Laptops Look Like Racecars -- and Not in a Good Way - NYTimes.com

Laptops Look Like Racecars -- and Not in a Good Way - NYTimes.com
Laptops Look Like Racecars — and Not in a Good Way
Tony Avelar/Bloomberg Customers may hate stickers on laptops, but it doesn’t seem like they’re going away anytime soon.
At a meeting with Advanced Micro Devices the other day, representatives talked to me about chip sets and clock speeds, of discrete graphics and die sizes. But in passing, they mentioned an additional company initiative that really perked me up: laptop stickers.
When you buy a new Windows PC, as you probably know, it comes festooned with little (or not so little) stickers on the palm rests. There’s one for Windows, one for Skype, one for Intel, one for the laptop company, maybe an Energy Star sticker and so on.
As A.M.D. points out, it’s like buying a new, luxury car — and discovering that it comes with nonremovable bumper stickers that promote the motor oil, the floor mat maker, the windshield-fluid company and the pine tree air freshener you have no intention of ever using.

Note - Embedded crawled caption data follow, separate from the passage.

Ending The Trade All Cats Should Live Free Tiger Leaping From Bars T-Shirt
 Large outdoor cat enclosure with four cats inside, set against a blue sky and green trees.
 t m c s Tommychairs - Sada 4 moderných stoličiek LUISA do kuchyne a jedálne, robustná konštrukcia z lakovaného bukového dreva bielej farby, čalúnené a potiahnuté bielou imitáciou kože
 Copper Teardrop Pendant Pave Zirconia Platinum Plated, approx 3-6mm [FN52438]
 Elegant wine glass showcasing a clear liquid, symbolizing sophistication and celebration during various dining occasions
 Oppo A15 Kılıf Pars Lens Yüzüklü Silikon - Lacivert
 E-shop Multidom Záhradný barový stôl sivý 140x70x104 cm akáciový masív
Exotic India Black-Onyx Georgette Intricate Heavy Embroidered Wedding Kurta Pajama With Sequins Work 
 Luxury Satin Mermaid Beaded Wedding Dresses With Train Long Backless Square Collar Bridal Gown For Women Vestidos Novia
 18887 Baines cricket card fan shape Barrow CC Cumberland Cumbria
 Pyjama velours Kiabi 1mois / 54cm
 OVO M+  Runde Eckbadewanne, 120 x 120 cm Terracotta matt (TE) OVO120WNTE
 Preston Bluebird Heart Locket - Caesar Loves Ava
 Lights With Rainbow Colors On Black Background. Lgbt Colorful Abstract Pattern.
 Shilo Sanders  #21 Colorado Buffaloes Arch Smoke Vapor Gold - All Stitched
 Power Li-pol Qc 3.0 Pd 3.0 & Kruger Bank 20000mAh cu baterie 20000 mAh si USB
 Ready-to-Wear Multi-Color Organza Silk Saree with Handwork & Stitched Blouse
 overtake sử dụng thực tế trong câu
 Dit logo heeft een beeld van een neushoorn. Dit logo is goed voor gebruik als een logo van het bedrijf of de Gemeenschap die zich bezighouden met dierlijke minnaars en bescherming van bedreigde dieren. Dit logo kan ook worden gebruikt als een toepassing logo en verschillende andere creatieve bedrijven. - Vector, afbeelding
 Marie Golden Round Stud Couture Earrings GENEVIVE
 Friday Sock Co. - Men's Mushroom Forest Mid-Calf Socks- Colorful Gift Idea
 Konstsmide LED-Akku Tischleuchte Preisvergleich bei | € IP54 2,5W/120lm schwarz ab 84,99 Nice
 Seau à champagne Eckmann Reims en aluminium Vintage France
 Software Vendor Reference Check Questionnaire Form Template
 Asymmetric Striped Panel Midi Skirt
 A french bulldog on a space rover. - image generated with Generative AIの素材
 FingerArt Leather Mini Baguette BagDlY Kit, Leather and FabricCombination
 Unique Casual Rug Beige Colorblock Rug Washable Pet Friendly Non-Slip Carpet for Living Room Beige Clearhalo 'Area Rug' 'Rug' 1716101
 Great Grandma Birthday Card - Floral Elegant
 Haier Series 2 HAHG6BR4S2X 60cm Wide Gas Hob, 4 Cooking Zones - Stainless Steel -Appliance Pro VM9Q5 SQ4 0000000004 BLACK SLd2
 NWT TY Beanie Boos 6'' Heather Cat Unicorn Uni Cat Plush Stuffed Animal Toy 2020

Never mind that all of this promotional garbage already appears on the box. Do you really need it physically affixed to the actual computer?
Physically — and semi-permanently? I tried to fingernail some of the stickers off that H.P. laptop, and it was a disaster. You can peel them up, but they shred, and they leave adhesive crud behind. When you’ve just spent big bucks on a laptop, should you really be obligated to spend the first 20 minutes trying to dissolve away the sticker goop with WD40? (There’s a missed promotional opportunity for H.P.)
A.M.D.’s research shows that consumers hate the stickers (duh). But they’re not going away, for one simple reason: There’s big money involved. Intel, Microsoft, Skype and whoever else is represented by the stickers actually pay the computer companies for the billboard space. That’s why H.P., for example, would tolerate gumming up its laptops’ good looks with crass ads. (Apple refuses to put Intel stickers on its computers, even though there’s Intel inside. In doing so, it leaves millions of dollars a year on the table.)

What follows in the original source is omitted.